:: TASK DIRECTIONS ::
If a line in the records contains the string "Palette", show that line.
──────── THE DATA ────────
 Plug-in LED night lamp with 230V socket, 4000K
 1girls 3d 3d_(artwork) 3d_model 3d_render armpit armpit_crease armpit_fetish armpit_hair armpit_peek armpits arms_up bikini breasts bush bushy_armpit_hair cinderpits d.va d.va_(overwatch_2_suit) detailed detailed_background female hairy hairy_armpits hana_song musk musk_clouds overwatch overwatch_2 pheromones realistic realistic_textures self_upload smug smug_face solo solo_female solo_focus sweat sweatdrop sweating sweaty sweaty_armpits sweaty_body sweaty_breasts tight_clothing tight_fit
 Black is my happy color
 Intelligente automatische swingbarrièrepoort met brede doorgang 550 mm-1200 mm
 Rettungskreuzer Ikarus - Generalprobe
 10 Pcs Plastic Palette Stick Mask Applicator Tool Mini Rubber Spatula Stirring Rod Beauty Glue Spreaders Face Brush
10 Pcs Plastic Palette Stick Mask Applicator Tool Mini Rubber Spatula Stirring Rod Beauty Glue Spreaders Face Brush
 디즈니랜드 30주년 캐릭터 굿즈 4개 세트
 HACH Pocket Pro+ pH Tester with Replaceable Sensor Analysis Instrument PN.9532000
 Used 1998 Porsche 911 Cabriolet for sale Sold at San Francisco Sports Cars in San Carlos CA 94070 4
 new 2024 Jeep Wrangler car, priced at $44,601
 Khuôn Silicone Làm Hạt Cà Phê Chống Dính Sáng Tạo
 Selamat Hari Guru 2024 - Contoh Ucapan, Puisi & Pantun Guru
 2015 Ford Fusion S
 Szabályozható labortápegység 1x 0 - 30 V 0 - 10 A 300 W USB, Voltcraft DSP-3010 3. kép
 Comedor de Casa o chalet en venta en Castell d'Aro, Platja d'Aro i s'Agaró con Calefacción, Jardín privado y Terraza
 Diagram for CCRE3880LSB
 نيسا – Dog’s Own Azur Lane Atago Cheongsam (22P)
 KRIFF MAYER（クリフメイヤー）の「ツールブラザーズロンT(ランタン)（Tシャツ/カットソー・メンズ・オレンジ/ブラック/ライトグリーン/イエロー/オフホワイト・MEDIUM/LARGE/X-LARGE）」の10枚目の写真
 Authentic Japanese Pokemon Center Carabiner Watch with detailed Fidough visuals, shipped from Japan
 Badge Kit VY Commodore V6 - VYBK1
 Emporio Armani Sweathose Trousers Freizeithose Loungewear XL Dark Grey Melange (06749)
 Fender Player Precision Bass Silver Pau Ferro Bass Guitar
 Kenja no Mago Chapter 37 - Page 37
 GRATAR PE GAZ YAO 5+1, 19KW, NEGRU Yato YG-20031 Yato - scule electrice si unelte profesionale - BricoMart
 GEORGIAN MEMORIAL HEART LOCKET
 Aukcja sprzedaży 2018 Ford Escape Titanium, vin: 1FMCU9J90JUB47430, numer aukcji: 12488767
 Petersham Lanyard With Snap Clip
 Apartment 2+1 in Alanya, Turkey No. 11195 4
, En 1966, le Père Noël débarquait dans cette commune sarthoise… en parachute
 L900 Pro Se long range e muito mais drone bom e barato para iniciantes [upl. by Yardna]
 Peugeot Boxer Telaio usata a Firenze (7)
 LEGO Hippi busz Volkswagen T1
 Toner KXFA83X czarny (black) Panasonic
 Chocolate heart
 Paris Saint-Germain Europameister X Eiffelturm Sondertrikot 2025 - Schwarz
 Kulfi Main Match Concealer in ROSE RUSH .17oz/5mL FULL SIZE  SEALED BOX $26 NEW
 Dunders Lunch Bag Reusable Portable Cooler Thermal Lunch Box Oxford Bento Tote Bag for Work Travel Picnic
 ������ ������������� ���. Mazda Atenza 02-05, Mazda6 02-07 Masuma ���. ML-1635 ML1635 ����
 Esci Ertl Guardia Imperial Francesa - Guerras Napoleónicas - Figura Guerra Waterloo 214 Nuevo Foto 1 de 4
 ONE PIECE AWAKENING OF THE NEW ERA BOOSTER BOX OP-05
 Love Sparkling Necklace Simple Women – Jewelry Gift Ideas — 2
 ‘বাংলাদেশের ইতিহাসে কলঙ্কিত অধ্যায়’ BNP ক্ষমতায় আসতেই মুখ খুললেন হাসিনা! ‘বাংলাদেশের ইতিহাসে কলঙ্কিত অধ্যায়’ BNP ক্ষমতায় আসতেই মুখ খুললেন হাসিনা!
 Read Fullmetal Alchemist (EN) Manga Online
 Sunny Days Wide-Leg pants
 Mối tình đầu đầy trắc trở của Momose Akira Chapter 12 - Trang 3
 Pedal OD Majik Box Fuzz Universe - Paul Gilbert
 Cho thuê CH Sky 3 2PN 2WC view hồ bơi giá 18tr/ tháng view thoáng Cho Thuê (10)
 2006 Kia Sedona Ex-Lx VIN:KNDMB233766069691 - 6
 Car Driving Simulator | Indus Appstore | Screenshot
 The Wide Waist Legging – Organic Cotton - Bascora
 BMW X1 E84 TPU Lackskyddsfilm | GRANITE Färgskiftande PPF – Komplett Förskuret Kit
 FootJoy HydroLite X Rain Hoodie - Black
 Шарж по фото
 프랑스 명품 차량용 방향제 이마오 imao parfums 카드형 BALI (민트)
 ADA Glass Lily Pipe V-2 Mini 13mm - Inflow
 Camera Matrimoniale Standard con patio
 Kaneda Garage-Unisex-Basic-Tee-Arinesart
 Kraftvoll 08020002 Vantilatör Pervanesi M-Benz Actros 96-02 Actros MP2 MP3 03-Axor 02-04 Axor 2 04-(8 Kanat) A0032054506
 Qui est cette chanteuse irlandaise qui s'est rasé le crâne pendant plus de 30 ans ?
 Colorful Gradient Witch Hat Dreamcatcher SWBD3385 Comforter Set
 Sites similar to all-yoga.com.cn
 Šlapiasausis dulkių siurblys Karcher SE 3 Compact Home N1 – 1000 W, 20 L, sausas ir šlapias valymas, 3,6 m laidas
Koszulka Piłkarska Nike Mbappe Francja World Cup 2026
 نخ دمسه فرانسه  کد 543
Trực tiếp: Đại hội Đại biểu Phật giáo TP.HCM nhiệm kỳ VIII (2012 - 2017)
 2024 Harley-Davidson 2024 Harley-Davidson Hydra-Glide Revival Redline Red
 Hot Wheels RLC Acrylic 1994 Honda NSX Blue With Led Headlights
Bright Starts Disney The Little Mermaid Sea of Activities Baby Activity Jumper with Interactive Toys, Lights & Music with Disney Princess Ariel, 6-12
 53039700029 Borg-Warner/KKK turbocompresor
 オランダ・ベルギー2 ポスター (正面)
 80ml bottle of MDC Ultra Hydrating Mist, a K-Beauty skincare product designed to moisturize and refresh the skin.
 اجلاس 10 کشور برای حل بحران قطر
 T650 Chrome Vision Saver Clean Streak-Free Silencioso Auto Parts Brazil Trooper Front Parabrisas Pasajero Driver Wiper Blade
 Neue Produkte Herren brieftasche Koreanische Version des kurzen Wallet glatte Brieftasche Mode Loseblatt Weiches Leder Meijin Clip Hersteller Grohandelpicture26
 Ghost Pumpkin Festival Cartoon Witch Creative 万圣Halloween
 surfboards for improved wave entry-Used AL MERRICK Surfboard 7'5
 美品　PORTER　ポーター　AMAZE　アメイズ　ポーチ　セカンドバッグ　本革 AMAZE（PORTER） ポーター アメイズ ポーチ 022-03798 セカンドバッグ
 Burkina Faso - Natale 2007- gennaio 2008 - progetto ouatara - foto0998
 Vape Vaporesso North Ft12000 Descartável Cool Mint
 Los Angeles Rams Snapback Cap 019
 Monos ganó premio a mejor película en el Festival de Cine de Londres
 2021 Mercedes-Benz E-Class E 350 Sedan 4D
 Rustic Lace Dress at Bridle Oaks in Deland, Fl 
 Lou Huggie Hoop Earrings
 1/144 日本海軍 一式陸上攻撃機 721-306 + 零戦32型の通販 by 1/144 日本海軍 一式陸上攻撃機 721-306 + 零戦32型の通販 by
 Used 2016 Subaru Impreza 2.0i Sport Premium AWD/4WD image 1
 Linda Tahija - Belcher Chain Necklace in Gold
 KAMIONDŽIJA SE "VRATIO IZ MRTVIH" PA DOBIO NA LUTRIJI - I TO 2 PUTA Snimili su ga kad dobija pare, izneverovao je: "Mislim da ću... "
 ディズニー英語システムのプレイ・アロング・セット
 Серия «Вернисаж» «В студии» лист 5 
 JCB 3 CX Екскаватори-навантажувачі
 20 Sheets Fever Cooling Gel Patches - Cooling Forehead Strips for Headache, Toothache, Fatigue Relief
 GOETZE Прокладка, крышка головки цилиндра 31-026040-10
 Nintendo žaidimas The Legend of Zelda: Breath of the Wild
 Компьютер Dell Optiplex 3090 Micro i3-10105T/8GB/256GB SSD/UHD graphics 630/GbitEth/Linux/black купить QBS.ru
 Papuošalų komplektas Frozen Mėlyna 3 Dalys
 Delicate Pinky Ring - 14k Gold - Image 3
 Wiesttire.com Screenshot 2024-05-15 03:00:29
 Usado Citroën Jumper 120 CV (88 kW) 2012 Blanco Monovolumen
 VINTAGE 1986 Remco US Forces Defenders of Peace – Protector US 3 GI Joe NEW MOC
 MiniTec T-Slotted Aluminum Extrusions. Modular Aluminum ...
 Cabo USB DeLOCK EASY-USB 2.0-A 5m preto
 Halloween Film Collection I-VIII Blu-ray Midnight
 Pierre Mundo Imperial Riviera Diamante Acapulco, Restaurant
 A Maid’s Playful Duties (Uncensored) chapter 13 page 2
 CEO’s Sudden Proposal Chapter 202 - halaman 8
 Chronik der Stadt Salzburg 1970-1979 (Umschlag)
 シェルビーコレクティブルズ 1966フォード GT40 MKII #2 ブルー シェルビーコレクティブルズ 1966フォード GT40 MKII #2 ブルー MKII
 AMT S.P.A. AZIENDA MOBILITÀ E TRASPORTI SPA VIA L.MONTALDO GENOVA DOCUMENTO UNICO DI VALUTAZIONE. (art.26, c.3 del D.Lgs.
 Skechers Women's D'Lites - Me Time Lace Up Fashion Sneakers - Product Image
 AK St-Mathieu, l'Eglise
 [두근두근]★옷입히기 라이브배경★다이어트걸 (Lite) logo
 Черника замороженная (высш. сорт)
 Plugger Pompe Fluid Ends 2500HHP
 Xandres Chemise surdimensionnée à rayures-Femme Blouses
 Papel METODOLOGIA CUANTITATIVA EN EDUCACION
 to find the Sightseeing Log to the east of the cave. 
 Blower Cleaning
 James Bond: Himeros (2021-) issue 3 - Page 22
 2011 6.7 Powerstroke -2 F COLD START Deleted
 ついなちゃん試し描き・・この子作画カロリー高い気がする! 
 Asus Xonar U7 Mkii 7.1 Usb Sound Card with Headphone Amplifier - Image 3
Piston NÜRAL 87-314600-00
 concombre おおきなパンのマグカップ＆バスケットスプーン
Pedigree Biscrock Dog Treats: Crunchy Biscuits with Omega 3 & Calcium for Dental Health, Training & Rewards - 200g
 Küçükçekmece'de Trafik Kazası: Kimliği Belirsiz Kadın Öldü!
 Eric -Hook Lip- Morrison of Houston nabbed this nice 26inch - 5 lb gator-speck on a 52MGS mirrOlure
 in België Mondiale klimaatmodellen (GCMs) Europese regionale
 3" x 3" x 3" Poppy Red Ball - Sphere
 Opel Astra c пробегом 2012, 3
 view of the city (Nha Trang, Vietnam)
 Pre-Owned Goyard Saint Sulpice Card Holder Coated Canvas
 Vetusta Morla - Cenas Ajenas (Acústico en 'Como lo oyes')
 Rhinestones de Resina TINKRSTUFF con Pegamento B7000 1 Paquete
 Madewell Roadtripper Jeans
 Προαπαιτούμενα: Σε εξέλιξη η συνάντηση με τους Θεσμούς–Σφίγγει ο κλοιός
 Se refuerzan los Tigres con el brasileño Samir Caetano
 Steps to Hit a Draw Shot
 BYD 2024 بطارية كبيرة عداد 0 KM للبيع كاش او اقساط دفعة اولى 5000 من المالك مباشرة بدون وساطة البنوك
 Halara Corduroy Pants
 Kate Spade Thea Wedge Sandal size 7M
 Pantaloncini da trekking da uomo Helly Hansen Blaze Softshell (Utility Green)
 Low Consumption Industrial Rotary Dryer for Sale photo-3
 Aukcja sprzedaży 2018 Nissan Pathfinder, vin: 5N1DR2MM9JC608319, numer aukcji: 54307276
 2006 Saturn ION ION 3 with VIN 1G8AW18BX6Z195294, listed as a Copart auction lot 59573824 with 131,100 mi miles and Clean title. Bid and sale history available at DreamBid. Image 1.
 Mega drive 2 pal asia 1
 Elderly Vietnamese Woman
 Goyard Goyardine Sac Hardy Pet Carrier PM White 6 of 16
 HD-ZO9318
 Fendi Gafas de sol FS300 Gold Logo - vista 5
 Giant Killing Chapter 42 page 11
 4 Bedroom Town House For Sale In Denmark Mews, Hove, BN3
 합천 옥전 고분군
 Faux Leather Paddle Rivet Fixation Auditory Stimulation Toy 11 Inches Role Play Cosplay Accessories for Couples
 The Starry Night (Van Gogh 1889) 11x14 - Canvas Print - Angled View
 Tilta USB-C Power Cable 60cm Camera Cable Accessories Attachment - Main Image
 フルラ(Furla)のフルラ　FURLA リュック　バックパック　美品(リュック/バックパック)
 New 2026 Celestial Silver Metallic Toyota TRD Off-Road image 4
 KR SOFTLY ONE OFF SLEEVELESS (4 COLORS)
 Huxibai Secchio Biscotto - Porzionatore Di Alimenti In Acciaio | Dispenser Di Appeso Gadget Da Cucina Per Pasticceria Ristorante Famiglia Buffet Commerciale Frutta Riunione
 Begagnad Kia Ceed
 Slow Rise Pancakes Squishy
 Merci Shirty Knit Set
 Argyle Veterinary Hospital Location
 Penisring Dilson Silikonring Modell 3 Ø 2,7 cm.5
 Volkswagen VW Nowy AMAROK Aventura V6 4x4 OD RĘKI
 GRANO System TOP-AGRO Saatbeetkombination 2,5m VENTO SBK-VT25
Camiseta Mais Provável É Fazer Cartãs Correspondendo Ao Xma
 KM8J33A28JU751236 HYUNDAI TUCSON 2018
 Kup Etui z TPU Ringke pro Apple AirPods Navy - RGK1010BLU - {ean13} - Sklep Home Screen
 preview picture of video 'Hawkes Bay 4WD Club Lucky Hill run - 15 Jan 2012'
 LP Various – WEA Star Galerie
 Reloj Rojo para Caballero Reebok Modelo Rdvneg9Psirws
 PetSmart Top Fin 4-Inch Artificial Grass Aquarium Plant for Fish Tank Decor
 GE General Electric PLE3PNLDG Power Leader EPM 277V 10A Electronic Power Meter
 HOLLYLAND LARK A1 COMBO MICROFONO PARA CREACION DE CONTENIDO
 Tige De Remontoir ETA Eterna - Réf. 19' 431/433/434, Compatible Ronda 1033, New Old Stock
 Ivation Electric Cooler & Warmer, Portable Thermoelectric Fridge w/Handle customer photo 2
────────
:: REPLY ::
 10 Pcs Plastic Palette Stick Mask Applicator Tool Mini Rubber Spatula Stirring Rod Beauty Glue Spreaders Face Brush
10 Pcs Plastic Palette Stick Mask Applicator Tool Mini Rubber Spatula Stirring Rod Beauty Glue Spreaders Face Brush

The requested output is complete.